REQUIRED WORK:
Give back the lines of the entries below exactly as written, from the first line to the line holding "Hayes Plaid Sleeveles", both included, with the pictures omitted.
(Beginning of DATA RECORDS)
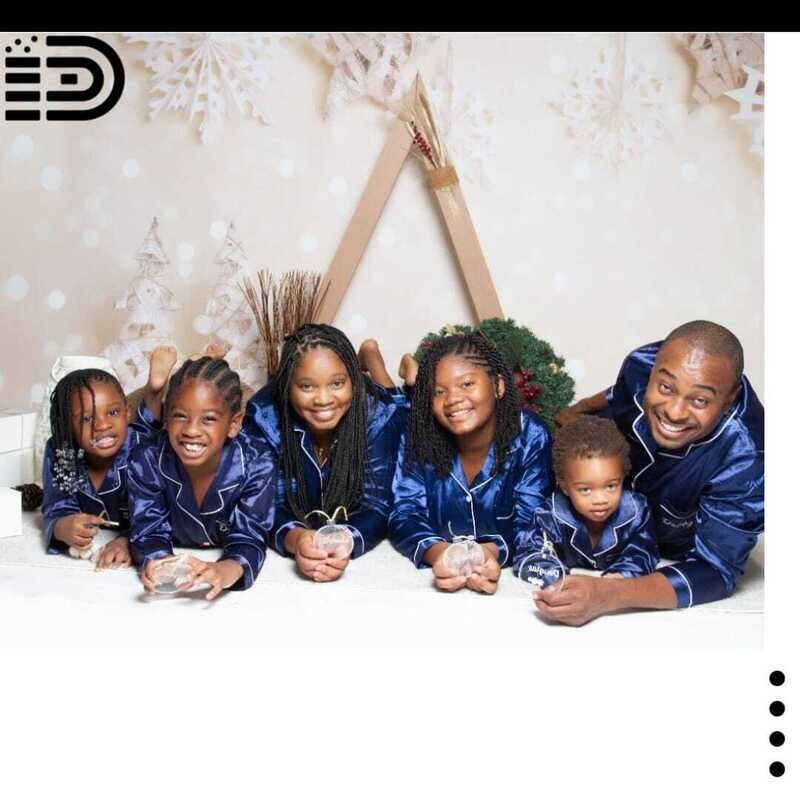 Matching Family Christmas Pajamas Set – Navy Blue Satin with White Trim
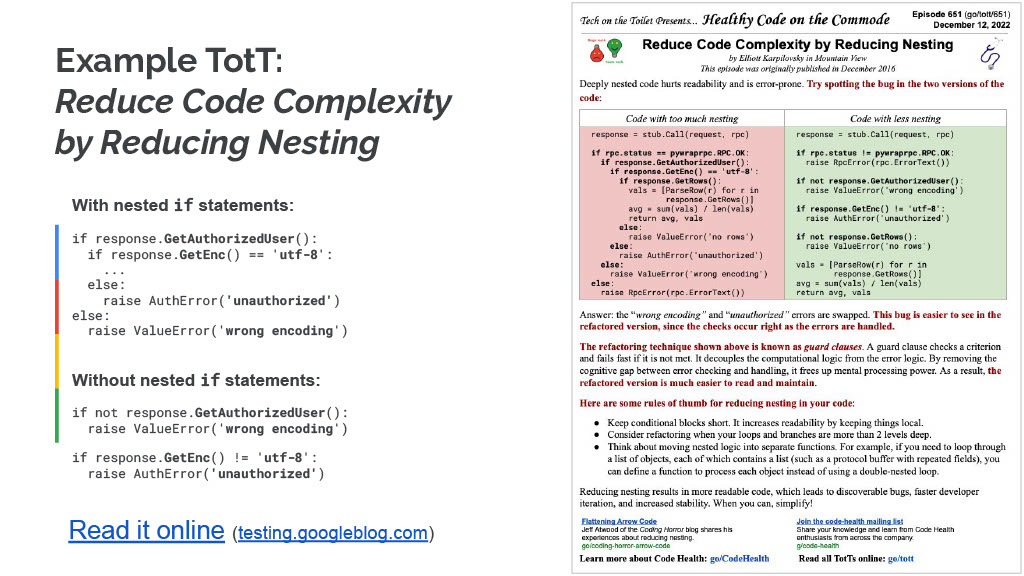 How Google Uses Bathroom Breaks to Improve Developer Knowledge and Productivity — slide 5
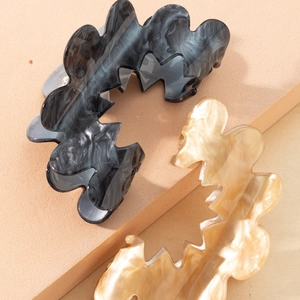 Pinces à cheveux élégantes en acrylique à motif marbré pour cheveux épais en lot de deux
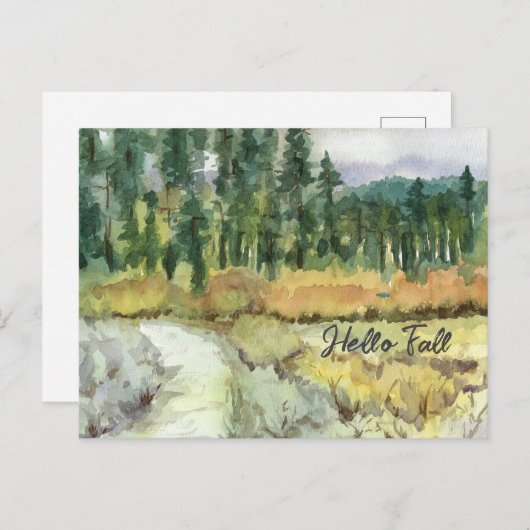 Hallo Herbst Wanderweg Berg Landschaftswald Postkarte (Vorne/Hinten)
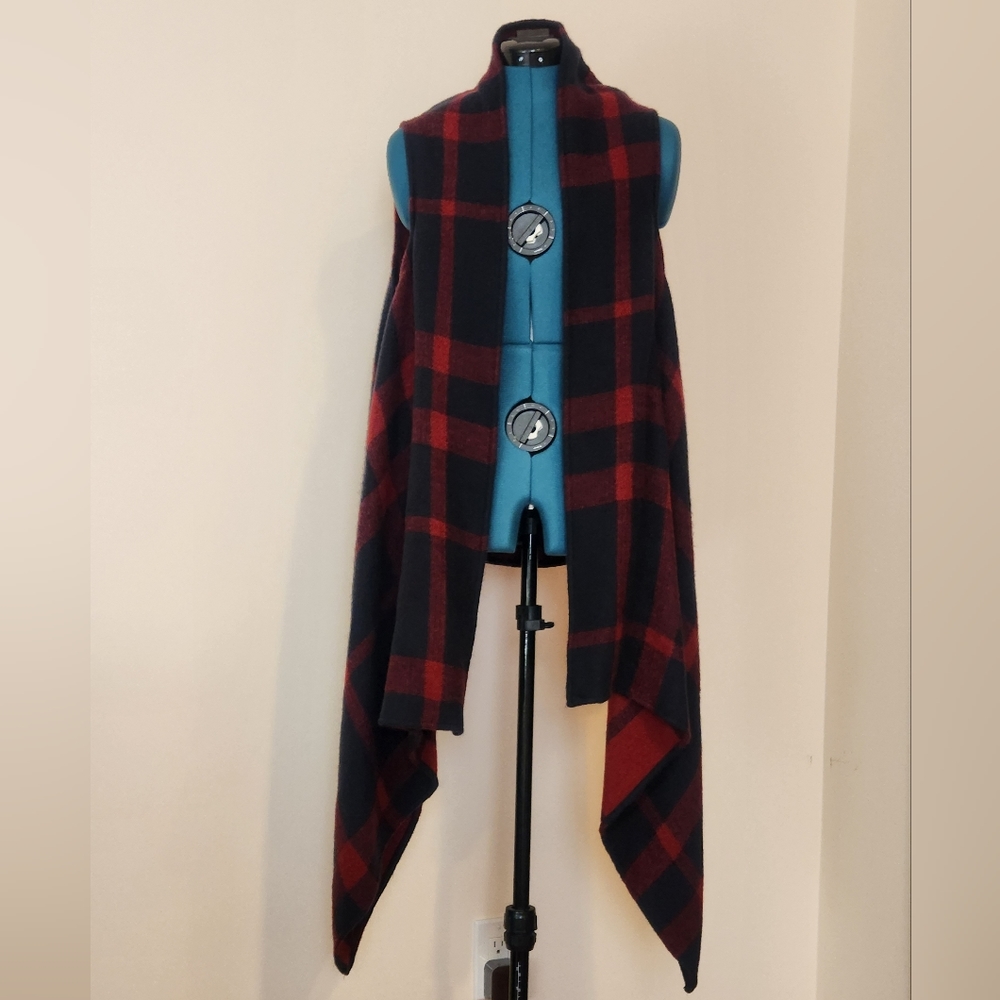 Hayes Plaid Sleeveles Long Vest one size - Picture 1 of 11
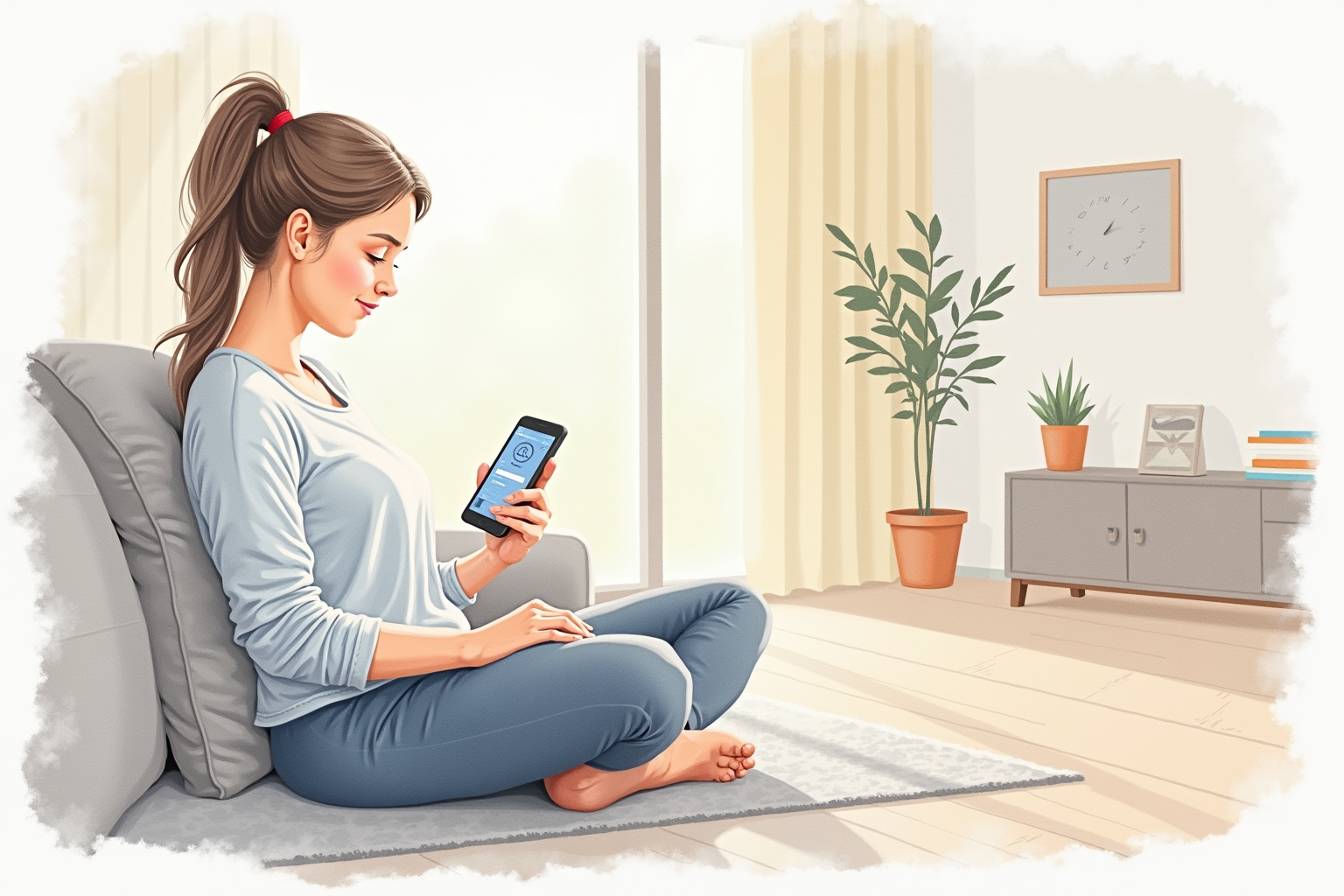 Person reviewing fitness data on a smartphone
(End of DATA RECORDS)
RESPONSE AREA:
 Matching Family Christmas Pajamas Set – Navy Blue Satin with White Trim
 How Google Uses Bathroom Breaks to Improve Developer Knowledge and Productivity — slide 5
 Pinces à cheveux élégantes en acrylique à motif marbré pour cheveux épais en lot de deux
 Hallo Herbst Wanderweg Berg Landschaftswald Postkarte (Vorne/Hinten)
 Hayes Plaid Sleeveles Long Vest one size - Picture 1 of 11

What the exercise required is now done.